音声認識技術は盛んに宣伝されているが、これまでのところ、触れ込み通りの威力を発揮していない。音声認識技術が本当に役立つものになるには、自然言語を解釈する能力の向上が必要だ。それが実現すれば、音声が多くのアプリケーションに統合され、われわれの情報アクセスのあり方は大きく変わるだろう。
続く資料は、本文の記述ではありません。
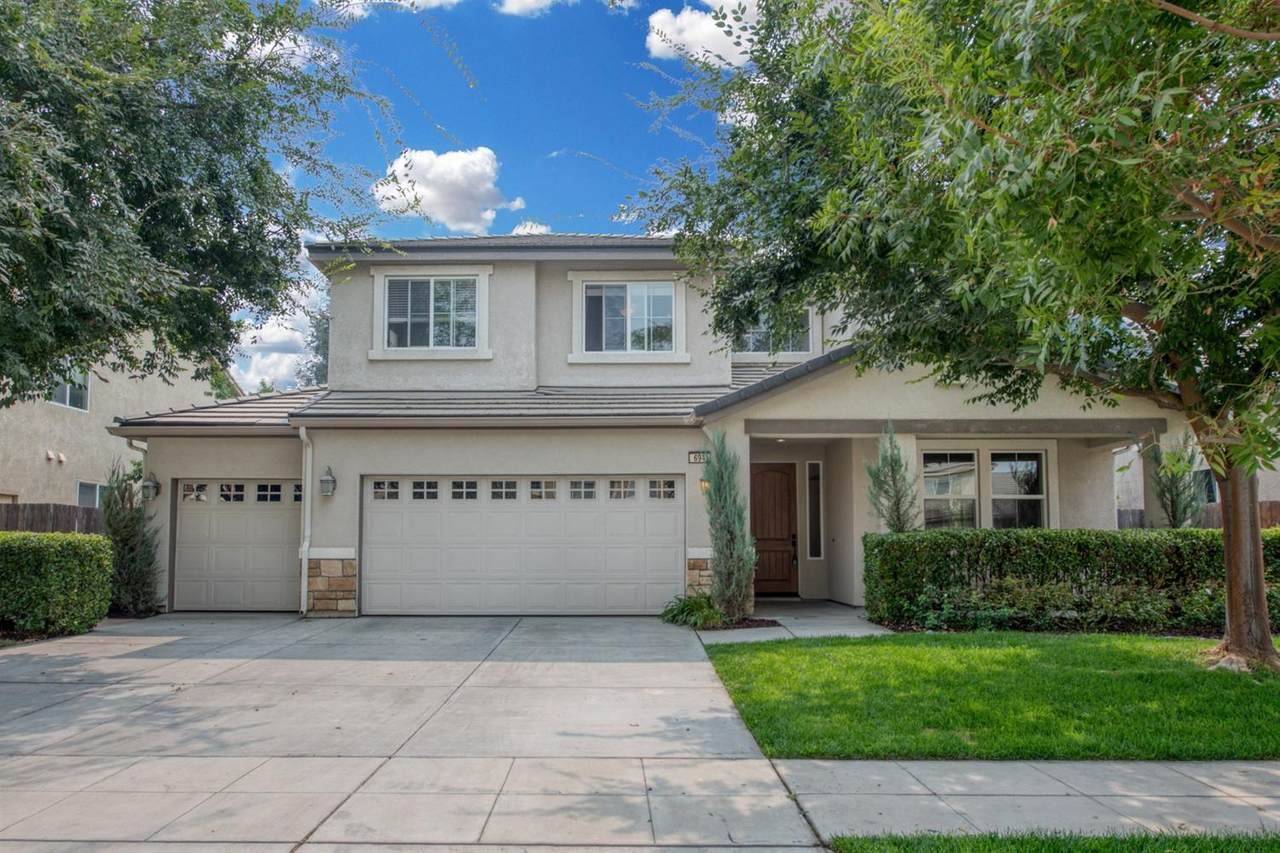 694 Serena Avenue - Photo 1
先日、わたしは西海岸から飛行機で帰るとき、フライト状況を確認しようと思って航空会社の「音声認識対応」コールセンターに電話した。そして分かったのは、その「音声認識対応」応答システムのプロセスが、プッシュホンのボタンを押して発信するDTMF(dual-tone, multi-frequency)信号による応答システムと何ら変わらないということだった。電話をかけて最初にしなければならなかったのは、自分のフリクエントフライヤー番号を「口頭で伝える」こと。次のステップは「フライト情報」と言うか、数字の1を押すことだった。続いて、数字の2を押す代わりに「出発」と言うよう求められた。こうしたプロセスが延々と続いて、やっと目的の情報が手に入った。うんざりするほど時間がかかってしまった。
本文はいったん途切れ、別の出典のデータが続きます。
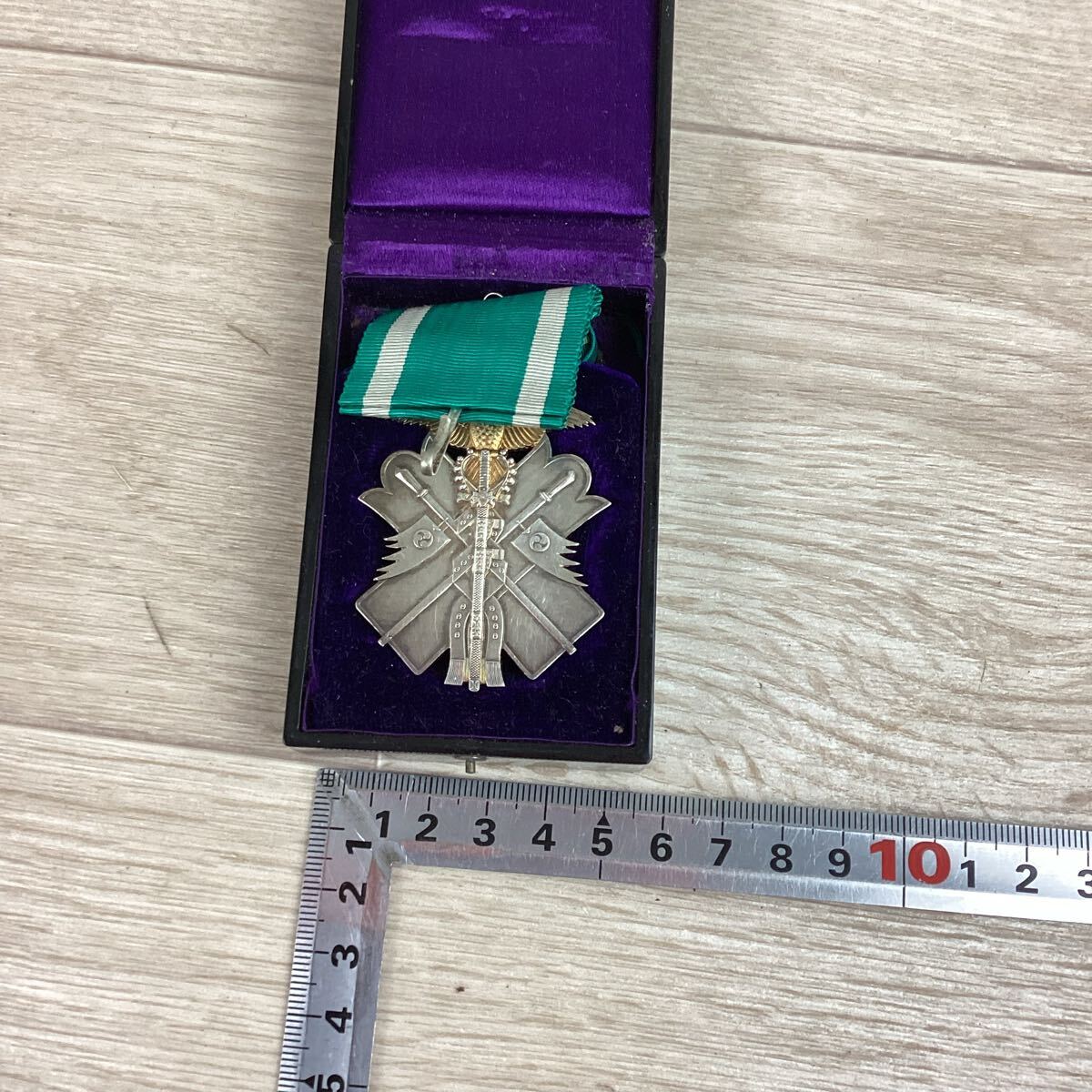 k4370 金鵄勲章 7級 専用ケース 箱付 きんしくんしょう 勲章 k4370 金鵄勲章 7級 専用ケース 箱付 きんしくんしょう 勲章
このシステムは、キーを操作しても、音声でアクセスしても、まったく同じ情報ツリーをたどるようになっていた。そのプロセスの所要時間は、どちらの場合もほぼ同じというわけだ。理想を言えば、所定の番号に電話して「X市からの123便の出発情報」と言うと、システムがそれを解析して情報を返すようになっていてほしかった。音声アクセスが本当に便利になるには、ユーザーが要求を出したときに、生身の相手と話す場合と同様な体験ができるレベルまで進化を遂げなければならないと、わたしは強く考えている。